楊說,以前到KTV都會唱〈愛的主打歌〉,歌好聽,但都會唱成豬打嗝。害我想到白安唱「懷疑自己」,聽起來是「畫一隻雞」。即便避得了文字本身的諧音,好像也避不了唱腔問題
情緒鋪陳和演唱習慣
葛大說,文字也是有呼吸的。一般來說,主歌先鋪陳敘述,副歌再擊中心頭。留意層次,要虐你總不會每句都虐。楊甚說,會用文字製造留白的效果。

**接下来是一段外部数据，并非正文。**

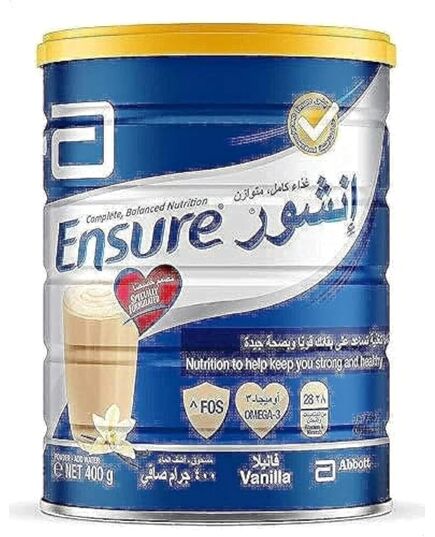 Ensure Complete and Balanced Nutrition Powder with Vanilla - 400 Grams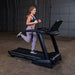 T25 Folding Treadmill Side view with athlete running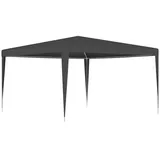 vidaXL Profi Partyzelt UV-beständig Wasserbeständig Pavillon Festzelt Gartenpavillon Gartenzelt Garten Zelt Bierzelt 4x4m Anthrazit 90g/m2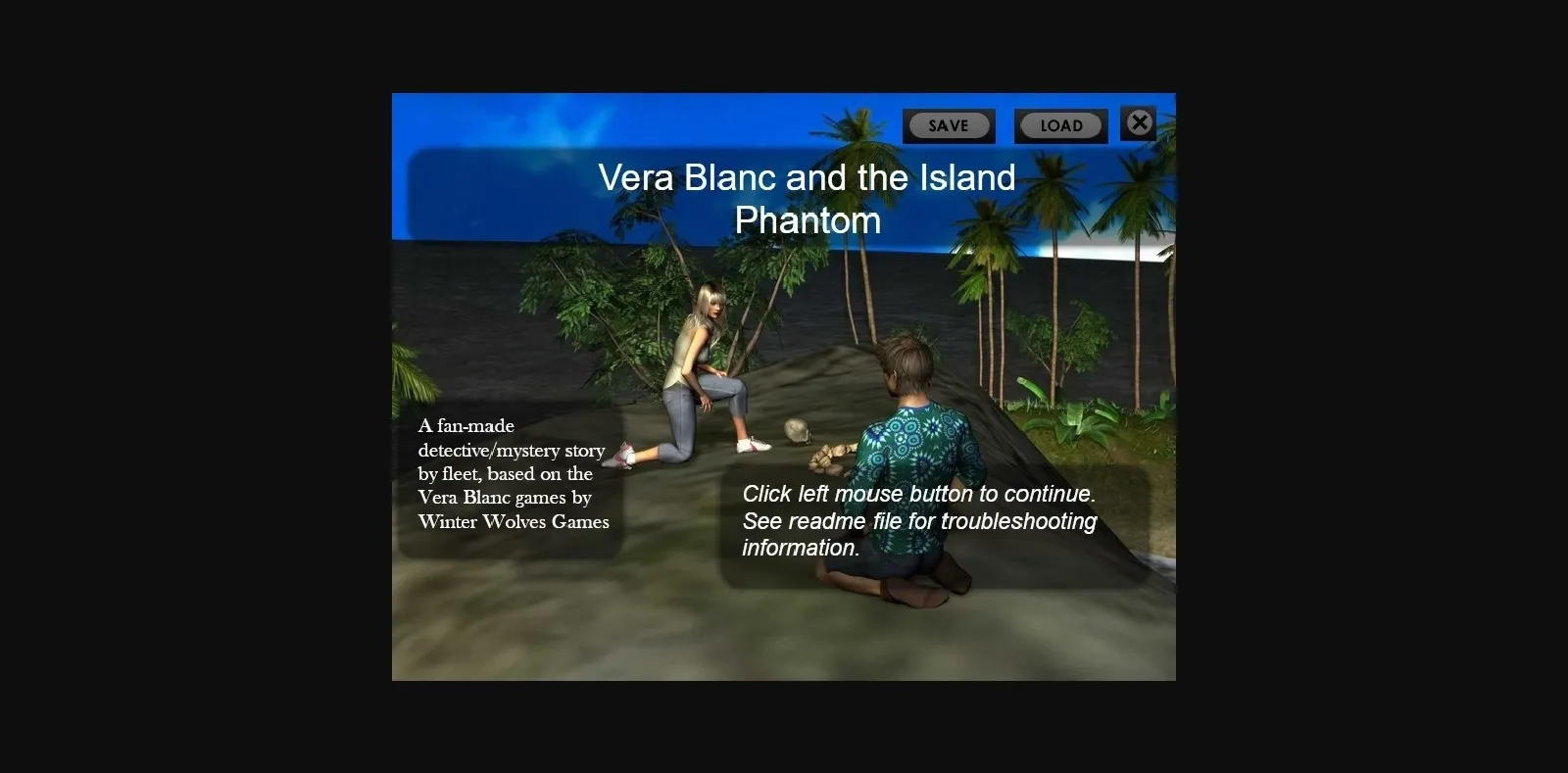 VN HTML Completed Vera Blanc and the Island Phantom [Final] [Fleetp] | Free Adult Games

有時候都覺得,過往有多美好,未來就有多難過;曾經是你喜歡的特質,後來變成你最受不了的缺點。諸如此類。
雖葛大說寫詞是帶有服務歌手性質的工作,但在寫〈我們〉時,是先看搭配的電影片段,依著井柏然這個角色狀態寫的,那種心頭千頭萬緒,卻因已結婚生子而不好說太多,所以使用「了」、「的」結尾的句子,口語般緩緩道來。
「了」、「的」這種輕聲字,其實很吃歌手擅長的演唱方式,好在後來是陳奕迅來唱,掌握度高,就是他的歌了。這首裡,我比較喜歡:
寫作者需要與時俱進
葛大說,大眾聽歌模式改變,以前是被動聽歌,無論是電視廣播,甚至走過的店家,好像很多歌都能唱上一兩句;現在聽歌管道多,卻反而分眾,聽眾會主動找自己想聽的,唱KTV時,別人點的好多都是第一次聽。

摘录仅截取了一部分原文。